═════ DATA UNDER STUDY
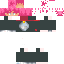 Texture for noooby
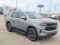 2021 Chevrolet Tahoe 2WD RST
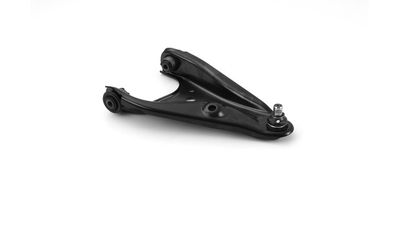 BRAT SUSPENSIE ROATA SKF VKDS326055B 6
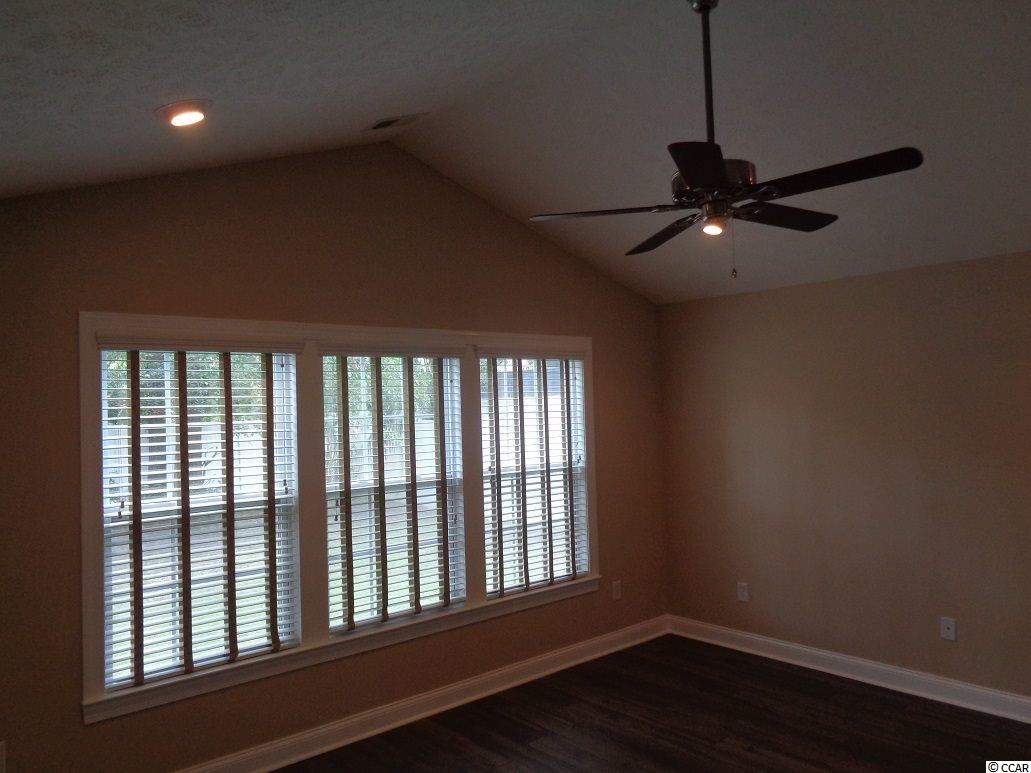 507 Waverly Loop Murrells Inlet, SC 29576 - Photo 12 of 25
══════════
═════ DATA UNDER STUDY
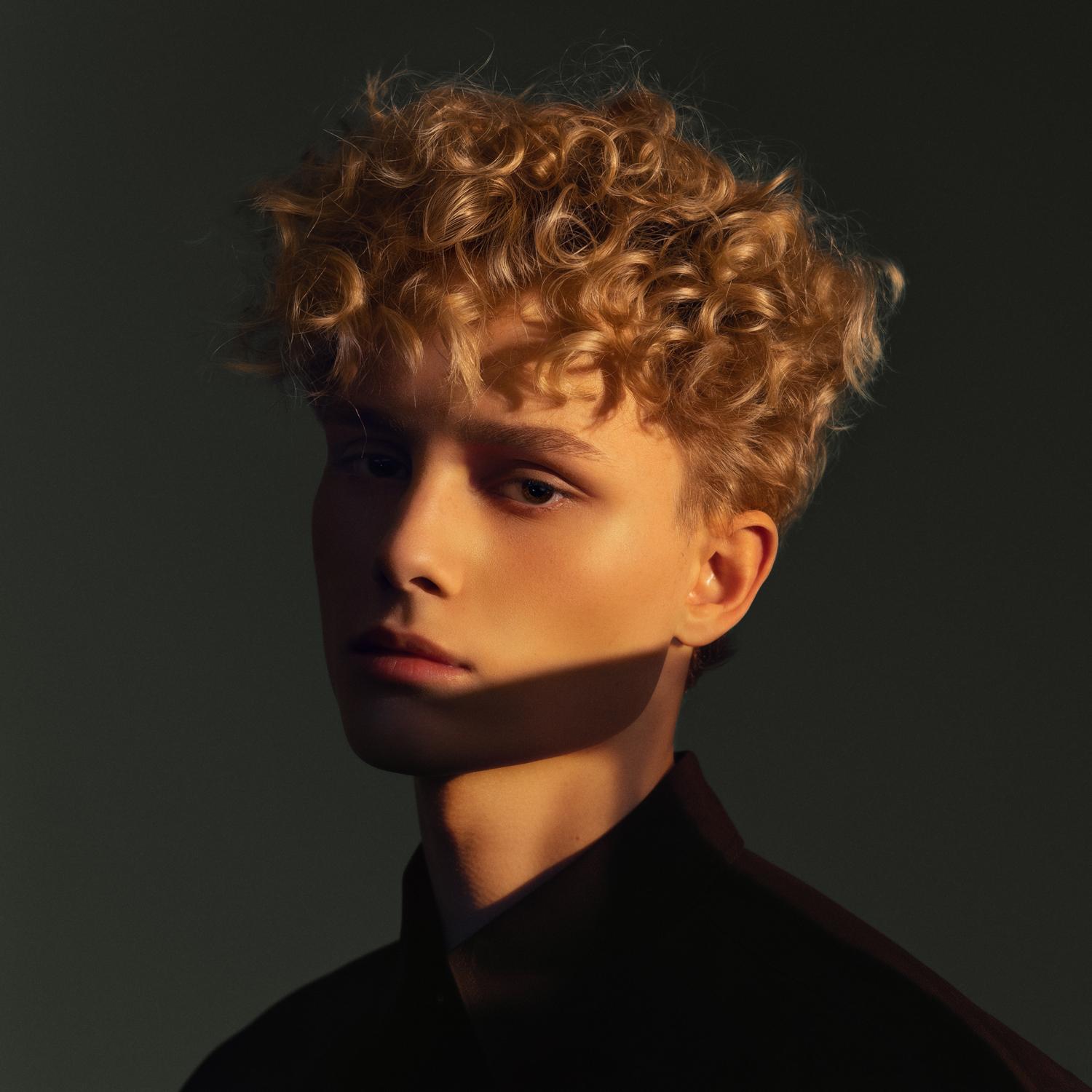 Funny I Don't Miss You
══════════
═════ DATA UNDER STUDY
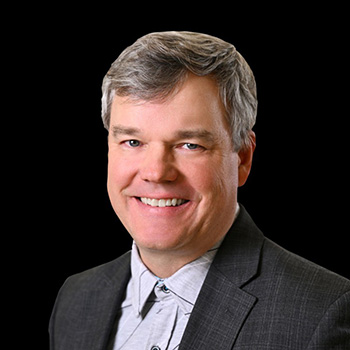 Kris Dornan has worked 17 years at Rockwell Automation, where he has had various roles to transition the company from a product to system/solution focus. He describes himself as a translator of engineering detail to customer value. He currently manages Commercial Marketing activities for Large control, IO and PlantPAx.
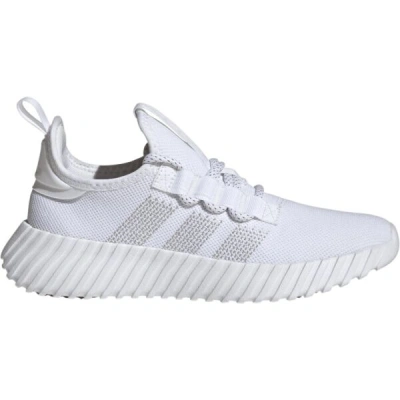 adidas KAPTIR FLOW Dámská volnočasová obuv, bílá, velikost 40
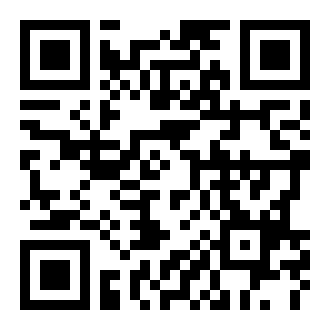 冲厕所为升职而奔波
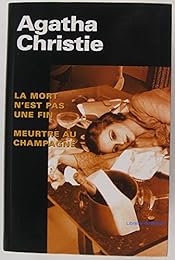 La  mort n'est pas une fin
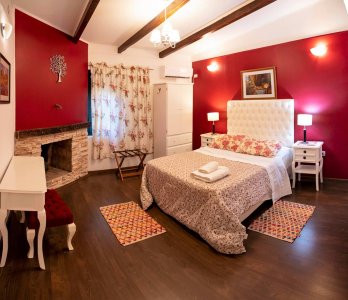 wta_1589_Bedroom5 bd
══════════
WHAT THE EXERCISE ASKS
Word for word, restate the lines above from the one with "Texture for noooby" through the one with "507 Waverly Loop", keeping both ends and dropping the pictures.

RESULT OF THE EXERCISE
 Texture for noooby
 2021 Chevrolet Tahoe 2WD RST
 BRAT SUSPENSIE ROATA SKF VKDS326055B 6
 507 Waverly Loop Murrells Inlet, SC 29576 - Photo 12 of 25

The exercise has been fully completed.